▸ Task goal:
Please copy every record below exactly and leave out the pictures.

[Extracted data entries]
○ ○ ○
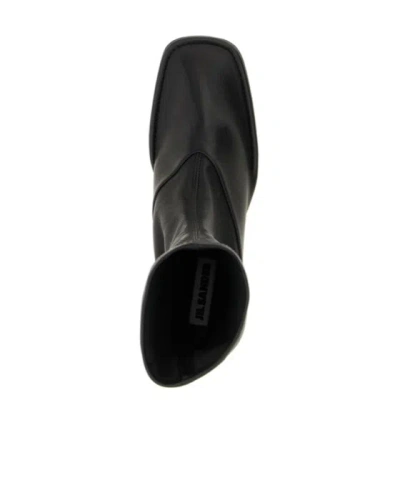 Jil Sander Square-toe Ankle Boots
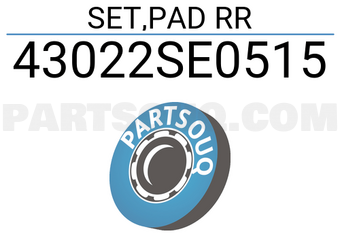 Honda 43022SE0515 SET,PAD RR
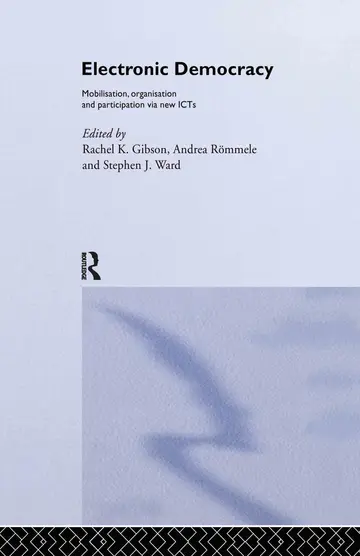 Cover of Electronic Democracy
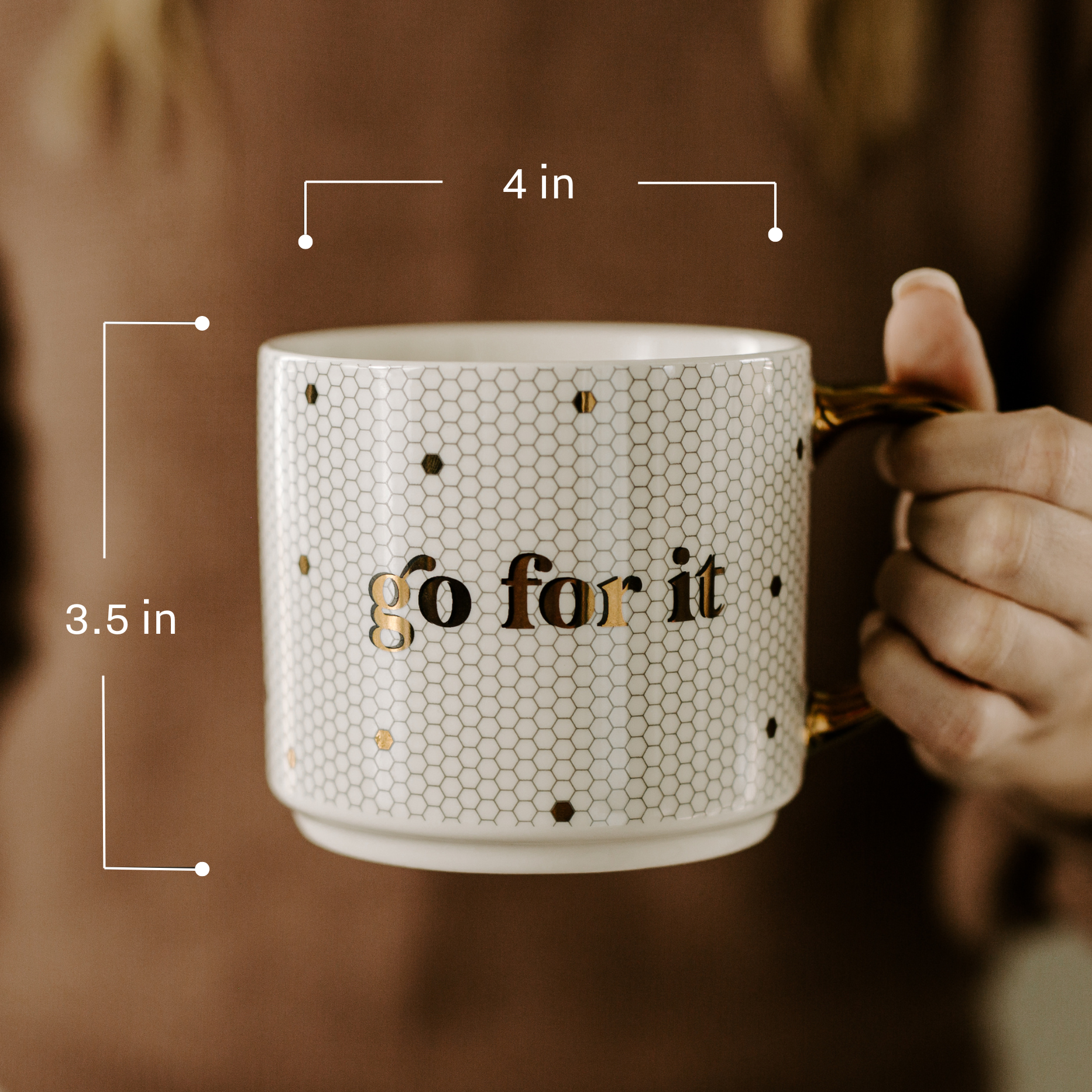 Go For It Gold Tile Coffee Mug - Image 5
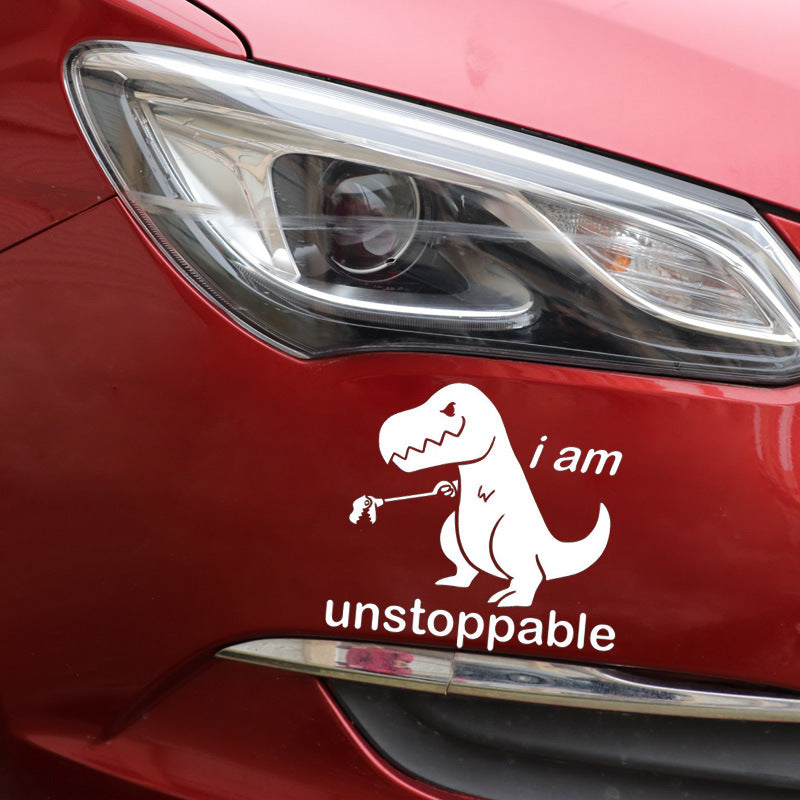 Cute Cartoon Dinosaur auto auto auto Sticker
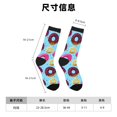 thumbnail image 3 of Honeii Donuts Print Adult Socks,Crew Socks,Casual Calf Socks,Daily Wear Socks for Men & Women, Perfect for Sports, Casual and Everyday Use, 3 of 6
○ ○ ○
▸ Exercise result:
 Jil Sander Square-toe Ankle Boots
 Honda 43022SE0515 SET,PAD RR
 Cover of Electronic Democracy
 Go For It Gold Tile Coffee Mug - Image 5
 Cute Cartoon Dinosaur auto auto auto Sticker
 thumbnail image 3 of Honeii Donuts Print Adult Socks,Crew Socks,Casual Calf Socks,Daily Wear Socks for Men & Women, Perfect for Sports, Casual and Everyday Use, 3 of 6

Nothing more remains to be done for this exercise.